A partir de este comunicado tan
explícito deberían haberse sucedido los trámites previstos, pues con la
comunicación de la designación de candidato ya queda cumplido el
artículo 99.1 de la Constitución:
99.1 Después de cada renovación del Congreso de los Diputados, y en
los demás supuestos constitucionales en que así proceda, el Rey, previa
consulta con los representantes designados por los grupos políticos con
representación parlamentaria, y a través del Presidente del Congreso,
propondrá un candidato a la Presidencia del Gobierno.
Y ahora debería cumplirse el artículo 99.2:
99.2 El candidato propuesto conforme a lo previsto en el apartado
anterior expondrá ante el Congreso de los Diputados el programa político
del Gobierno que pretenda formar y solicitará la confianza de la
Cámara.
El texto de este último artículo tiene
condición imperativa y de inmediatez, no da lugar a plazos ni permite
disposiciones. ¿Por qué no se ha producido esa exposición de programa
político?
Evidentemente, por algo tan
irresponsable pero sencillo como que la Presidenta del Congreso está
haciendo omisión de su obligación. Una obligación que en los mismos
términos imperativos y de inmediatez que en los artículos ya citados de
la Constitución, impone el Reglamento del Congreso en su artículo 170.
Artículo 170
En cumplimiento de las previsiones establecidas en el artículo 99 de la Constitución, y una vez recibida en el Congreso la propuesta de candidato a la Presidencia del Gobierno, el Presidente de la Cámara convocará el Pleno.
En cumplimiento de las previsiones establecidas en el artículo 99 de la Constitución, y una vez recibida en el Congreso la propuesta de candidato a la Presidencia del Gobierno, el Presidente de la Cámara convocará el Pleno.
Hay que insistir. Todo se ha cumplido a
excepción de la obligación de la presidenta de la Cámara Baja. Y no
existe ninguna indefinición a la que acogerse. Tampoco valen las
excusas, ni es una prerrogativa de la presidenta del Congreso conceder
plazos a nadie bajo ninguna circunstancia. Los plazos de negociación ya
los determina el propio proceso de investidura descrito en el articulado
constitucional.
Vista la situación la primera pregunta
lógica es: ¿qué se puede hacer cuando se incumple la legalidad vigente
desde la tercera magistratura del Estado?

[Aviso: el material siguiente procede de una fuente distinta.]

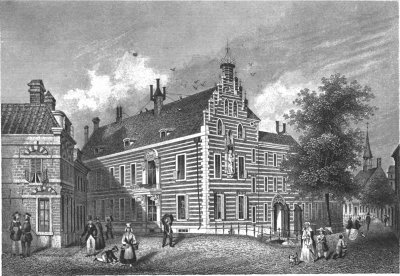 Utrecht - Gouvernementshuis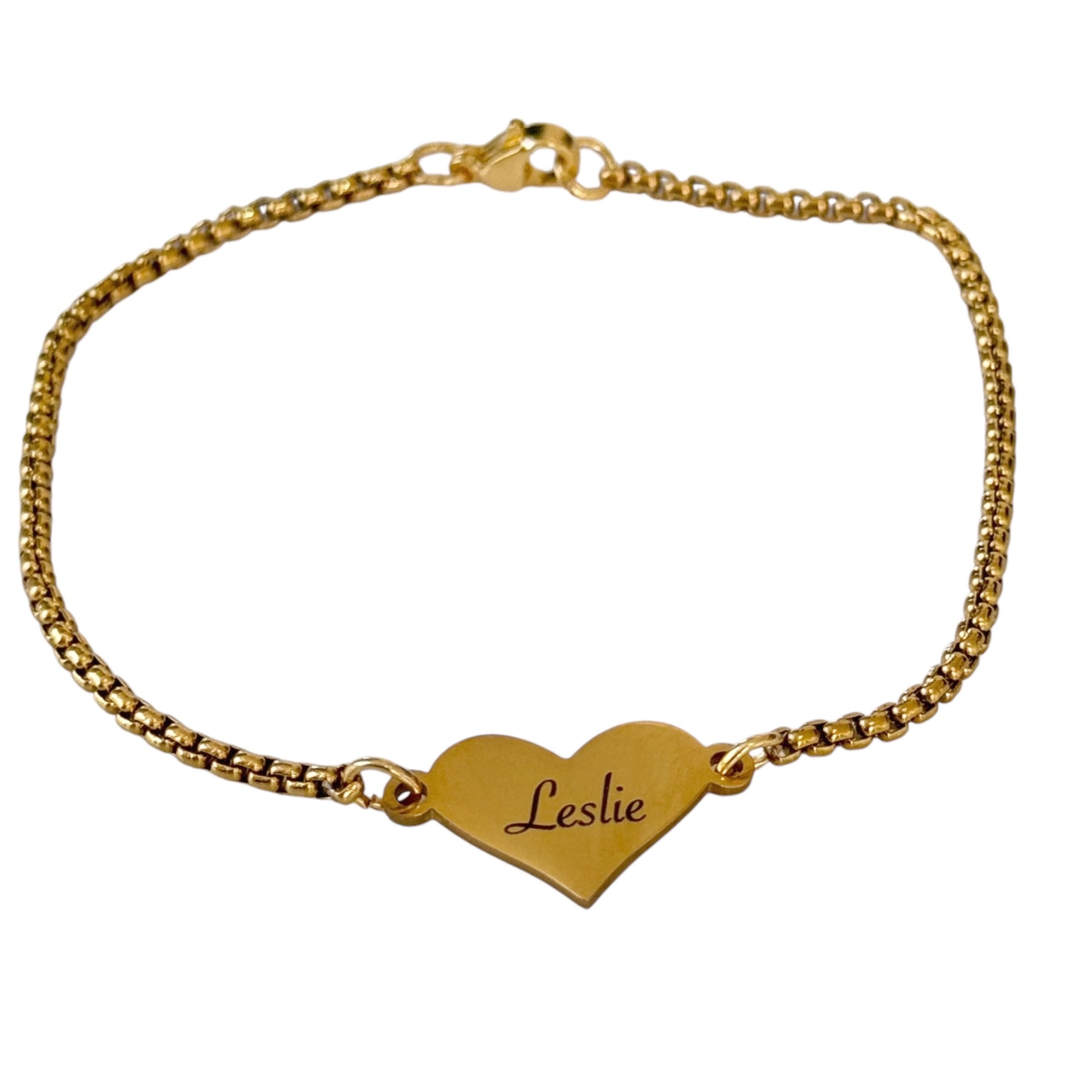 Pulsera Love Dorada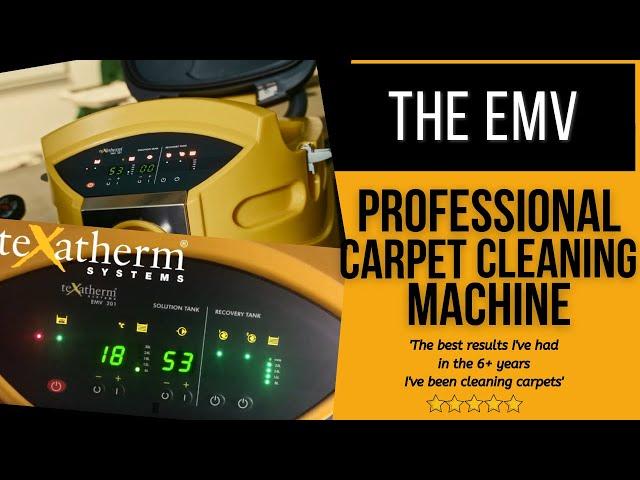 The UK'S Top Professional Carpet Cleaning Machine (2024)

Y la respuesta nos coloca en una
situación muy delicada, porque la única autoridad superior en este caso
es la del Jefe del Estado, que es precisamente quien dicta la orden que
está siendo incumplida. A este respecto la Constitución también es
meridiana, pero esperemos que nadie esté pensando aprovecharse de ello.
El caso es que la pelota vuelve a estar
sobre el tejado del rey, si es que finalmente alguien está dispuesto a
cumplir y hacer cumplir la Ley. Aunque para suavizar lo que podría
convertirse en un problema más serio del que actualmente ya es, algún
partido podría denunciar este incumplimiento ante el muy dependiente
Tribunal Constitucional, aunque no sea el órgano competente, al menos
para guardar las apariencias; para que pareciera que esto no es el
cortijo que realmente es.
¿Por qué hay tanto silencio y tanta
pasividad? ¿Ante una desobediencia tan evidente nadie tiene nada que
decir ni denunciar? ¿Tampoco los nuevos partidos?
En este país todo empieza a apestar por
encima del hedor acostumbrado. Estamos viviendo un momento de
excepcionalidad permanente y, en estas circunstancias, la mínima
credibilidad que tuviera el sistema, si es que algo le quedaba, ya habrá
quedado definitivamente sentenciada a desaparición. Y quizá no sea el
mejor momento para que ocurra.
Esperemos que a alguien le quede algo de
sensatez y por lo menos plantee batalla en este absurdo y peligroso
escenario de nihilismo institucional. Porque por desgracia, lo que no
cabe ya esperar, es que esa delincuencia que ejercen unos pocos y
perjudica a millones de personas, vaya a ser castigada.